Probablemente estos días (además de atolondrados, imprudentes, desquiciados o aturdidos) son los más complejos y confusos de todo el calendario anual, tanto que resultan muy atractivos para la reflexión y el estudio. No parece desde luego que puedan ser considerados falsos, como algunos sugieren, porque las cosas y lo que a la gente le interesa están suficientemente a la vista de todo el mundo. Falsos no, porque nadie oculta cuáles son en el fondo sus alicientes. Pero sí oscuros y liosos. Cada época del año tiene su consejo y su propósito en la costumbre común y está muy claro hacia donde éste camina y cómo, salvo cataclismo, es cada vez más irreversible. Por eso no debemos llamarnos a engaño ni soltar sermones morales porque, mientras su eficacia es totalmente nula (a veces hasta da la impresión de que algunos están nerviosos por terminar el discurso contra el consumismo para salir corriendo antes de que cierren las tiendas), para lo único que sirven es para formar parte también del decorado navideño.

Y entre la marabunta de circunstancias propias de estos días, uno de los detalles es que estamos en el tiempo de los buenos deseos y de los buenos propósitos. Por supuesto que hay mucha gente que en el fondo piensa que esto ya está pasado de moda; que lo de año nuevo, vida nueva es una manera trasnochada y rancia de llenar de moralina unas fiestas que están para otra cosa; y que ¡vivan los peces que no paran de beber y beber en el río! hasta no se sabe cuánto ni si acabarán ahogándose de tanta agua (aunque ¡qué más da!). Pero también es verdad que, si hay una fecha en la que abusamos de la palabra bueno en todas sus modalidades, es precisamente ahora: la literatura al uso (la poca que va quedando), las frases rituales a los amigos y a los vecinos, y hasta las prácticas empresariales están llenas de esta singular y prodigiosa palabra. Buen año, buenos deseos, lo mejor, buena suerte, buenos propósitos (no digamos nada con lo del tabaco), pasarlo bien...

Y luego resulta que si hay una palabra que signifique tantas cosas que puede no acabar significando nada, ésta es la de bueno. Sin duda, una, si no la más, de las que tiene más dosis de ambigüedad. Bueno es el clima, bueno es un jamón o un vecino (o una vecina), un libro, el pasado o el presente, el chiste que nos cuentan y el coche que pasa por la calle. Y buena es la virtud. Bueno puede ser todo (o nada, naturalmente) de lo que sabemos, lo que nos ocurre o lo que nos dicen. Pero si las cualidades de un jamón o de un coche apenas coinciden y nada tiene que ver la virtud con el clima o el vecino con una broma, ¿qué queremos decir cuando, de acuerdo con lo establecido, deseamos unos a otros un año bueno?

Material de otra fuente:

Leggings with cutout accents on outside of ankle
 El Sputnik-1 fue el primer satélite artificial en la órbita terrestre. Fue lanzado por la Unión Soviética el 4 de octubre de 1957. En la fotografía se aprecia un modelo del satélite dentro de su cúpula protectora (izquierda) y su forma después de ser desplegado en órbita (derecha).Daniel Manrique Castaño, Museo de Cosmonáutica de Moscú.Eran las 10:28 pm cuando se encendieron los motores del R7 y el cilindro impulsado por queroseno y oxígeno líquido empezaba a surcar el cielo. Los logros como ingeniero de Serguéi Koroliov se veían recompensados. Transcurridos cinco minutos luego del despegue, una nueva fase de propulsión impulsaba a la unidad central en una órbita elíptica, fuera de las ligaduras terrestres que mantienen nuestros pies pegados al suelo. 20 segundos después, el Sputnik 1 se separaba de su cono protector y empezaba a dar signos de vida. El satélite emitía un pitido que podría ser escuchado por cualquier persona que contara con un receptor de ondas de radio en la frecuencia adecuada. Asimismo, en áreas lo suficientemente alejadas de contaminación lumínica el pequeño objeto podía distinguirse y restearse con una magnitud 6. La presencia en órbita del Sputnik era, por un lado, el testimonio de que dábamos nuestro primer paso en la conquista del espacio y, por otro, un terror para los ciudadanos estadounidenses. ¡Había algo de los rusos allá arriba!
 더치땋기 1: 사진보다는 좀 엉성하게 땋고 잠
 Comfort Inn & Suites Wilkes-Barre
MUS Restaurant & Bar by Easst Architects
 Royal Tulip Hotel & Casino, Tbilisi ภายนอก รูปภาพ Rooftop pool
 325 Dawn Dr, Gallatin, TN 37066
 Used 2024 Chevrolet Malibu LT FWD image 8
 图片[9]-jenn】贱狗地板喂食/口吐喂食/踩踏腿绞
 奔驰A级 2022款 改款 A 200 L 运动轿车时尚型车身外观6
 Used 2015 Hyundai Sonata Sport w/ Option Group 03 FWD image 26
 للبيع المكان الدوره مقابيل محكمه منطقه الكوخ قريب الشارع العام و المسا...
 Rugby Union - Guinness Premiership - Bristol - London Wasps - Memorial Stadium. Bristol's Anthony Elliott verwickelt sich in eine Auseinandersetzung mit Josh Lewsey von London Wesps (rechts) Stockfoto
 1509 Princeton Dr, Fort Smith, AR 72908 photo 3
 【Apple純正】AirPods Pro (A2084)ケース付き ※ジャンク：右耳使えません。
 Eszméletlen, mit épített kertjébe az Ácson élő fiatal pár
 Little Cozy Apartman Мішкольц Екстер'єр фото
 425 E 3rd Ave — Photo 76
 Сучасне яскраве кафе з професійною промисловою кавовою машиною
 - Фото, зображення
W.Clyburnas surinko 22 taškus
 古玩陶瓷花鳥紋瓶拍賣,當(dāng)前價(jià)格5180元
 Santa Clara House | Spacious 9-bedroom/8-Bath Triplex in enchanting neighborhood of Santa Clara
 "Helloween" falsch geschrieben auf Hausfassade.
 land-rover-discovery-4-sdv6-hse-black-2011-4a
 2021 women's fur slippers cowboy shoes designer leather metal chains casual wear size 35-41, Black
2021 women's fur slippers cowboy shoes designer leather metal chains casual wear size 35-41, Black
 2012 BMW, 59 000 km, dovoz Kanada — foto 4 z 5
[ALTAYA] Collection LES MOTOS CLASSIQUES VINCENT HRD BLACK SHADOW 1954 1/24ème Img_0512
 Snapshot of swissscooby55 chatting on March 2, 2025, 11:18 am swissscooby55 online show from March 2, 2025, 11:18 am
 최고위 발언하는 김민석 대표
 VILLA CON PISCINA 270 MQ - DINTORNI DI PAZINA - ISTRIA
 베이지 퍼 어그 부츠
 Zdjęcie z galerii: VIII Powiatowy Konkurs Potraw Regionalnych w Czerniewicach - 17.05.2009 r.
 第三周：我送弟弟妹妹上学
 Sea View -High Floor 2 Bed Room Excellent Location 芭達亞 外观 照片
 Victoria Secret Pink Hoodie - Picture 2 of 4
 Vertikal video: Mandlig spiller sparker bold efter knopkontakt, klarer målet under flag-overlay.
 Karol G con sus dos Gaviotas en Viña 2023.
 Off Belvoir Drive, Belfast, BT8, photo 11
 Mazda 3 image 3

Por supuesto que el uso de esta palabra en estas condiciones nos facilita y resuelve la vida con los demás. Pobres de nosotros si tuviésemos que ir inventando fórmulas de saludo y esperanza propias para cada uno de aquellos con los que nos encontramos. Decimos bueno a todos y a todo y asunto resuelto, que cada cual lo interprete como quiera: es una liturgia social que nos hace posible la vida. Es lo que algunos autores han llamado la capacidad de estirar el idioma: que las mismas palabras signifiquen para el que las dice lo que éste quiera, y para el que las oye lo que le apetezca, aunque sean cosas diferentes e incluso contradictorias. O, de otro modo, que lo dicho sirva para cualquier descosido, siempre que todos queden bien, que es lo que viene a decir Alicia en el País de las Maravillas.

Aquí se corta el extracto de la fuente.